No man is an island.
John Donne said it first, but you’ve probably heard its sentiment repeated in a Hemingway novel, or offered as a wise idiom in those moments when solitude seemed to be your best option. A little selective hermitage to get you through a personal blue (or blasé) period. So, when I first came across Island Boy, I thought of the title as a kind of Donne-rebellion—a fist-in-the-air solidarity with solitude. And, as I dug more into the artist, Richard Hunter-Rivera, I certainly picked up on an aesthetic that hovered somewhere between loneliness and a welcome independence. In previous interviews, Hunter-Rivera admitted that home sometimes appears as a question mark in his mind rather than a warm, sepia-toned memory.

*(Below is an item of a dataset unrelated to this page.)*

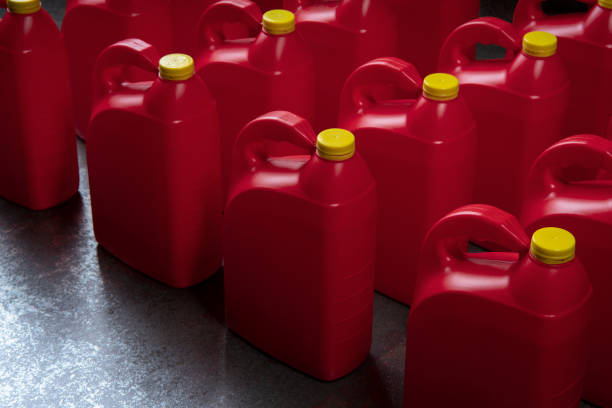 istock Top view of arranged red plastic motor oil bottles, containers with handle and yellow screw cap 2199020986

Throughout his adult life he has drifted between coasts, landing in New Orleans and San Diego, while also weaving in and out of ensemble acts before realizing solo work, and shedding the pillars that hold up rock n’ roll, was more his speed. The appeal of electronic music was its intimacy, at least in creation. Island Boy drafts pensive, trance-like beats that are thick with drums and synth. On his latest album, The Sea Between, we realize that perhaps this ghost of loneliness that occasionally haunts Hunter-Rivera is only that—a cloud that’s never quite absorbed in full. Whatever inclinations Island Boy thrives in, his beats reflect his Puerto Rican roots and later-in-life travels, with warm, Latin-inspired percussion, ripples of dembow (tied to reggaeton), and of course, house music.
So, Island Boy is in fact a piece of the continent, a mesh of past influences paired with an independent streak (and an e-mail that reads "islandboyandgirl" as a nod to his fiancé). Donne was right, the sly bastard.
The Sea Between was written over the course 2015. It consists of eleven tracks that, at their longest, just pass the four-minute mark. Songs like "Boulevard" scratch the surface of a minute, a misty, minimal synth line that floats onward without lyrics. It has the tranquil quality of watching still water from the shore—there’s still a feeling of expanse even in this short segue. Then there’s "La Palabra," whose main beat is addictively funky, joined by a clapping cymbal sound and Hunter-Rivera’s signature, laid-back croon. The lyrics, unsurprisingly, are in Spanish (la palabra meaning “the word” in English), and as is Hunter-Rivera’s style, it has inviting Caribbean notes paired with an almost futuristic synth-play.
Then there’s the album’s titular track, which pulses on top of layered, syncopated percussion. The beat has those waves of island-style, but also a space-inspired synth working its way into the fold. It’s a track that works because it doesn’t have a glossy finish; it feels immediate, as Hunter-Rivera’s gentle intonation observes, “I can’t wait to jump in it.” As we lose ourselves in the undulations of his synthesizers and airy vocals, the complicit agreement is made: we can’t wait to wade in ourselves.